Há sinais de que a Ata do Copom virá com a justificativa de que o
desaquecimento doméstico está acima do esperado, o que seria
comprovado pelos números do Produto Interno Bruto (PIB) do segundo
trimestre, divulgados na sexta-feira. É certo que o PIB mostra
desaceleração da indústria em relação ao primeiro trimestre, com
variação positiva de 0,2%, e levemente negativa em 0,1% na
agropecuária. Nada que não possa ser revertido no trimestre seguinte.
Mas o quadro está longe de ameaça de recessão, estamos falando de um
PIB que cresceu 0,8%, entre o primeiro e o segundo trimestres; e 3,6%,
ante o primeiro semestre de 2010. Portanto, não há razão para o tom
alarmista do comunicado do Copom. O Banco Central deveria é comemorar
o sucesso de suas políticas macroprudenciais para desaquecer a
economia, tão atacadas e desacreditadas pelo mercado.

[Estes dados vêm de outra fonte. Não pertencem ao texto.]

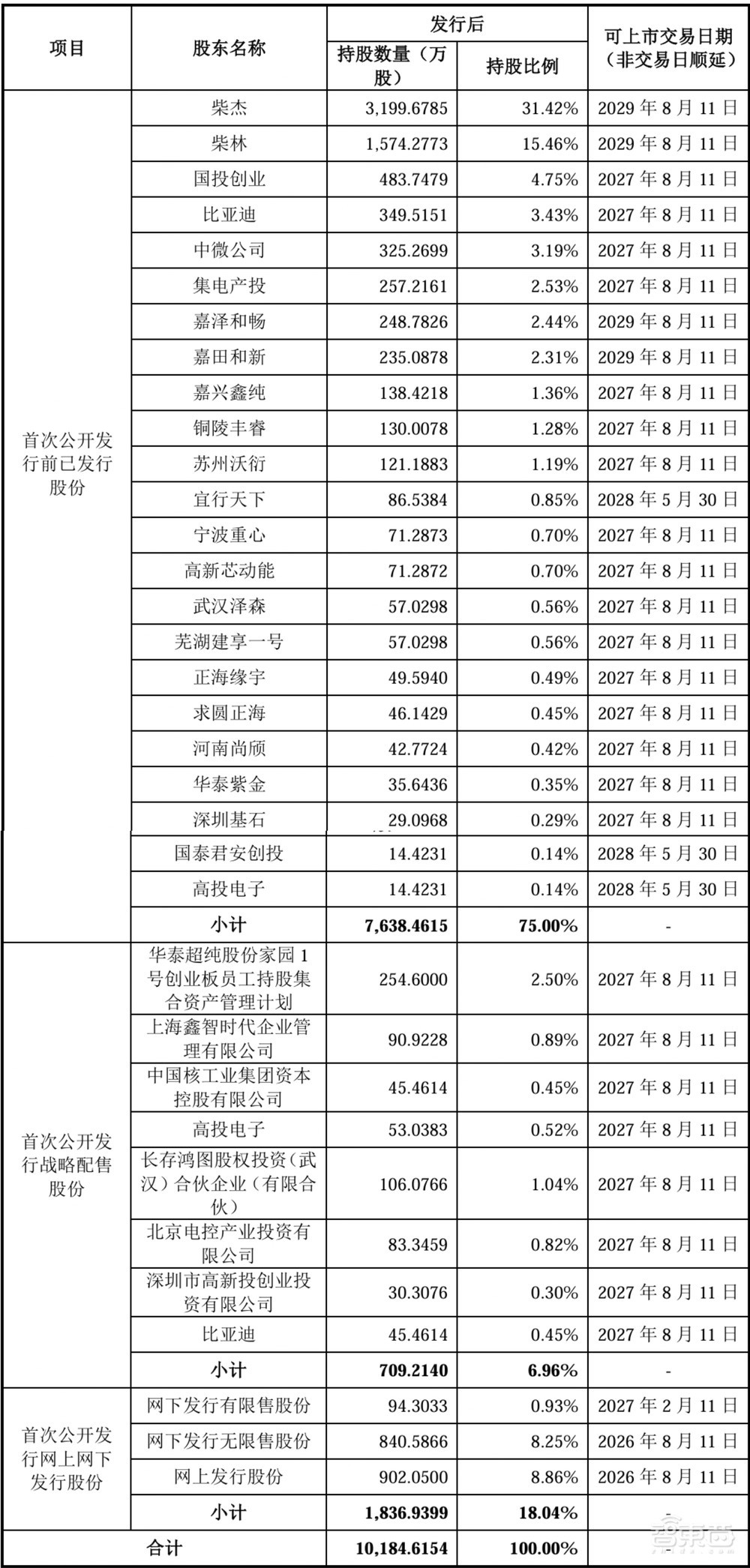 股价暴涨655%!四川兄弟干出一个500亿半导体IPO,冲进5nm先进制程供应链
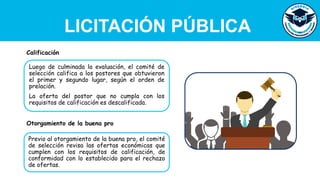 LICITACIÓN PÚBLICA
Luego de culminada la evaluación, el comité de
selección califica a los postores que obtuvieron
el primer y segundo lugar, según el orden de
prelación.
La oferta del postor que no cumpla con los
requisitos de calificación es descalificada.
Calificación
Previo al otorgamiento de la buena pro, el comité
de selección revisa las ofertas económicas que
cumplen con los requisitos de calificación, de
conformidad con lo establecido para el rechazo
de ofertas.
Otorgamiento de la buena pro
 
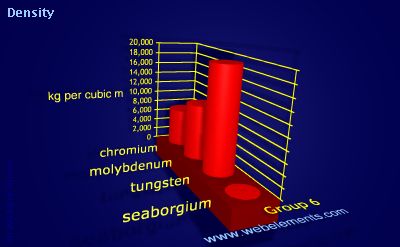 Image showing periodicity of density of solid for group 6 chemical elements.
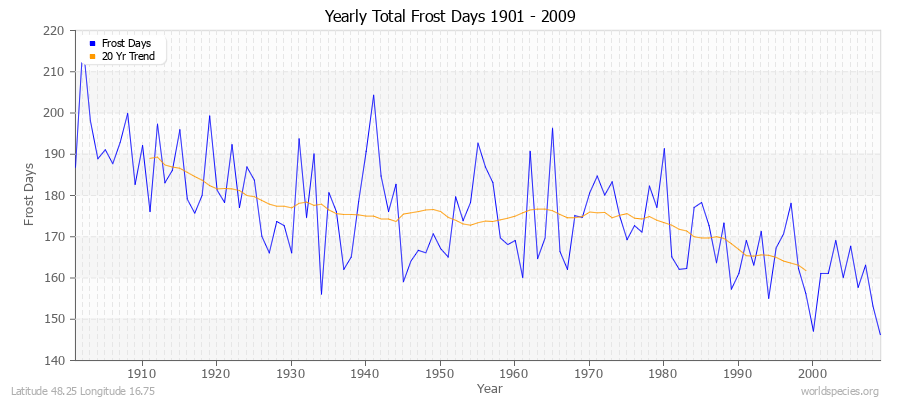 Yearly Total Frost Days 1901 - 2009 Latitude 48.25 Longitude 16.75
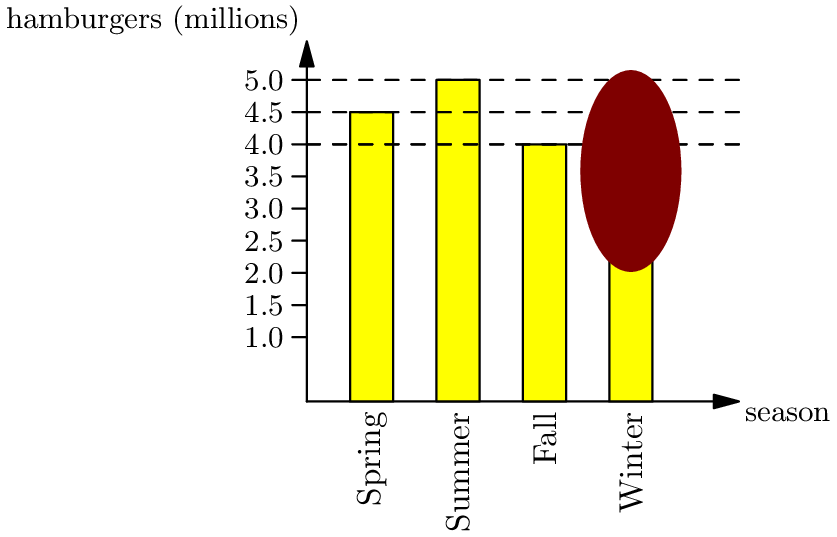 [asy] size(250); void bargraph(real X, real Y, real ymin, real ymax, real ystep, real tickwidth, string yformat, Label LX, Label LY, Label[] LLX, real[] height,pen p=nullpen) { draw((0,0)--(0,Y),EndArrow); draw((0,0)--(X,0),EndArrow); label(LX,(X,0),plain.SE,fontsize(9)); label(LY,(0,Y),plain.NW,fontsize(9)); real yscale=Y/(ymax+ystep); for(real y=ymin; y<ymax; y+=ystep) { draw((-tickwidth,yscale*y)--(0,yscale*y)); label(format(yformat,y),(-tickwidth,yscale*y),plain.W,fontsize(9)); } int n=LLX.length; real xscale=X/(2*n+2); for(int i=0;i<n;++i) { real x=xscale*(2*i+1); path P=(x,0)--(x,height[i]*yscale)--(x+xscale,height[i]*yscale)--(x+xscale,0)--cycle; fill(P,p); draw(P); label(LLX[i],(x+xscale/2),plain.S,fontsize(10)); } for(int i=0;i<n;++i) draw((0,height[i]*yscale)--(X,height[i]*yscale),dashed); } string yf="%#.1f"; Label[] LX={"Spring","Summer","Fall","Winter"}; for(int i=0;i<LX.length;++i) LX[i]=rotate(90)*LX[i]; real[] H={4.5,5,4,4}; bargraph(60,50,1,5.1,0.5,2,yf,"season","hamburgers (millions)",LX,H,yellow); fill(ellipse((45,32),7,14),brown); [/asy]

As trapalhadas. Em segundo lugar, nos dois dias que antecederam a
reunião do Copom, a presidente Dilma Rousseff e alguns de seus
ministros ensaiaram um coro coletivo em defesa da queda dos juros e
engatilharam uma série de trapalhadas que puseram em xeque a autonomia
do BC, gerando a certeza de influência do Palácio do Planalto na
decisão do Copom.
Dilma Rousseff deu a senha na manhã de segunda-feira, quando defendeu
publicamente o corte da Selic. À tarde, o ministro da Fazenda, Guido
Mantega, convocou a imprensa para anunciar que os R$ 10 bilhões de
sobra da arrecadação tributária não seriam gastos, mas poupados e
transferidos para o superávit primário. Isso tudo às vésperas da
reunião do Copom. E deu uma dica claríssima de que já conhecia a
decisão da Selic, que só viria dois dias depois: "Se vier uma situação
pior para a economia brasileira, o Banco Central estará em condições
de reagir com políticas monetárias mais expansionistas". Parecia
conhecer o conteúdo do texto do comunicado do Copom.

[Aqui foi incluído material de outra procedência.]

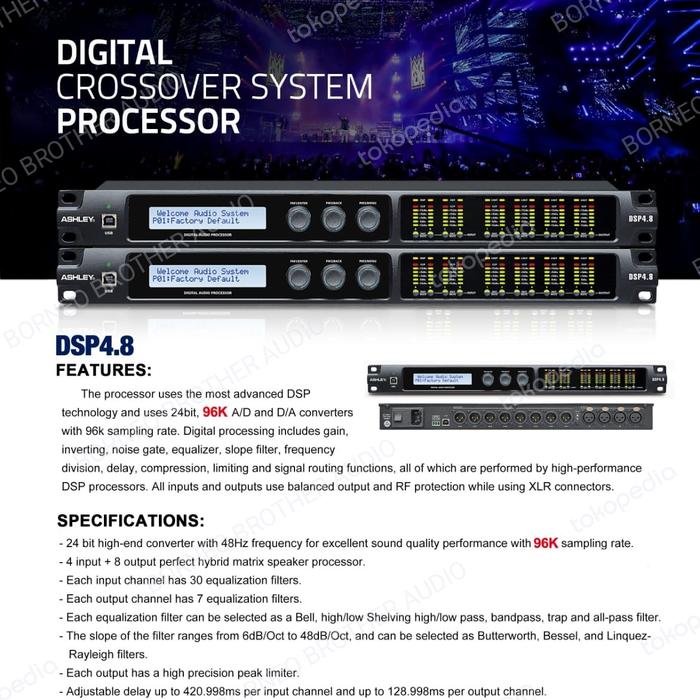 Software DLMS Ashley DSP4.8 4in8Out Remote PC/Laptop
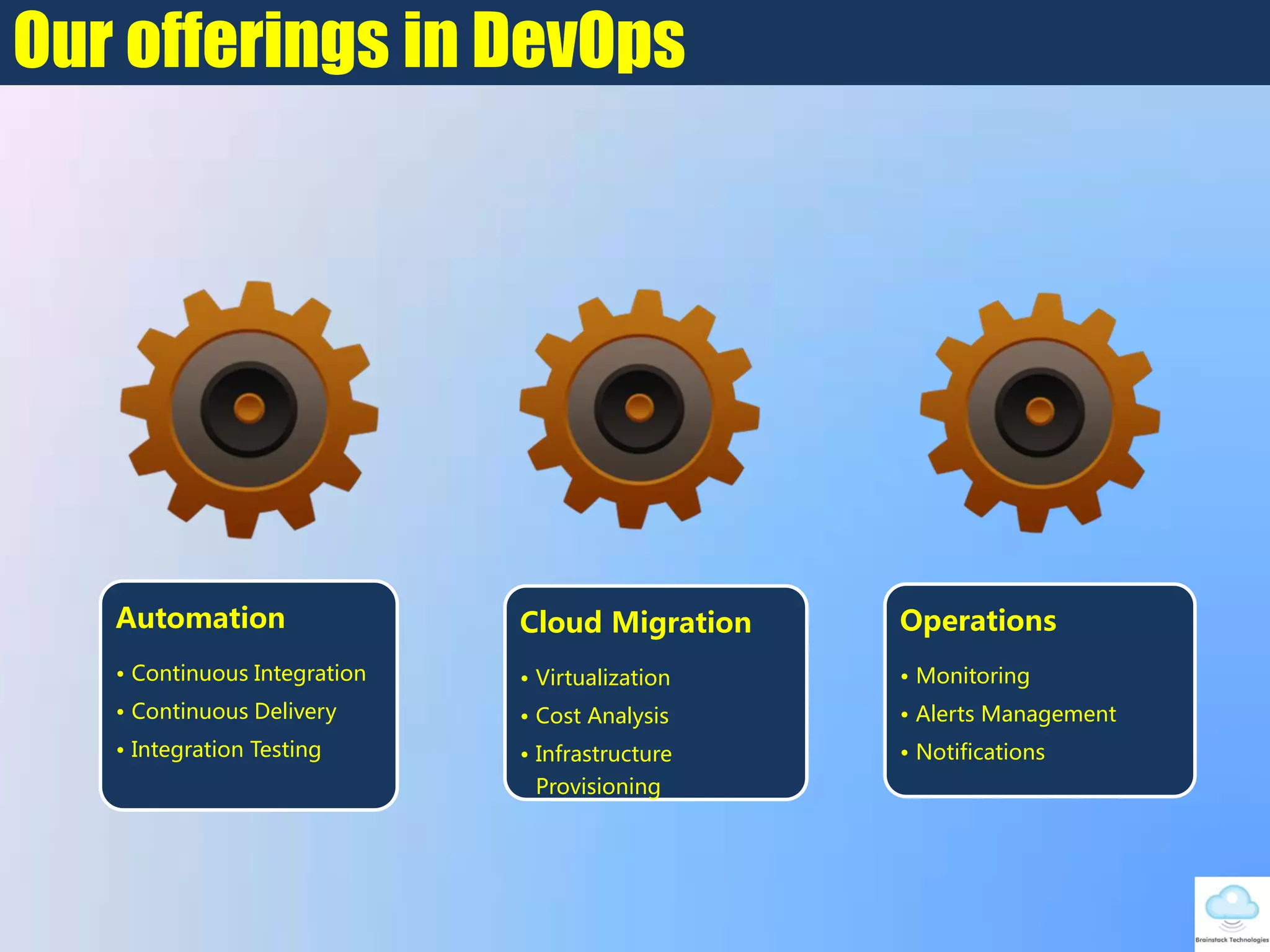 Our offerings in DevOps
Automation
• Continuous Integration
• Continuous Delivery
• Integration Testing
Cloud Migration
• Virtualization
• Cost Analysis
• Infrastructure
Provisioning
Operations
• Monitoring
• Alerts Management
• Notifications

Ainda na segunda-feira, o ministro do Desenvolvimento, Fernando
Pimentel, reprisou a presidente Dilma: já há condições de cortar os
juros, afirmou.
Na quarta-feira, enquanto o Copom se reunia, a ministra do
Planejamento, Miriam Belchior, anunciou a proposta do Orçamento para
2012 e fez coro aos seus colegas: estão criadas as condições para
baixar os juros. E apresentou um orçamento expansionista,
contraditório com o discurso de oito meses de austeridade nos gastos
públicos: as despesas do governo vão crescer 9,8%, quase o dobro da
inflação de 5% prevista no documento.
Parece haver uma incontinência verbal neste governo.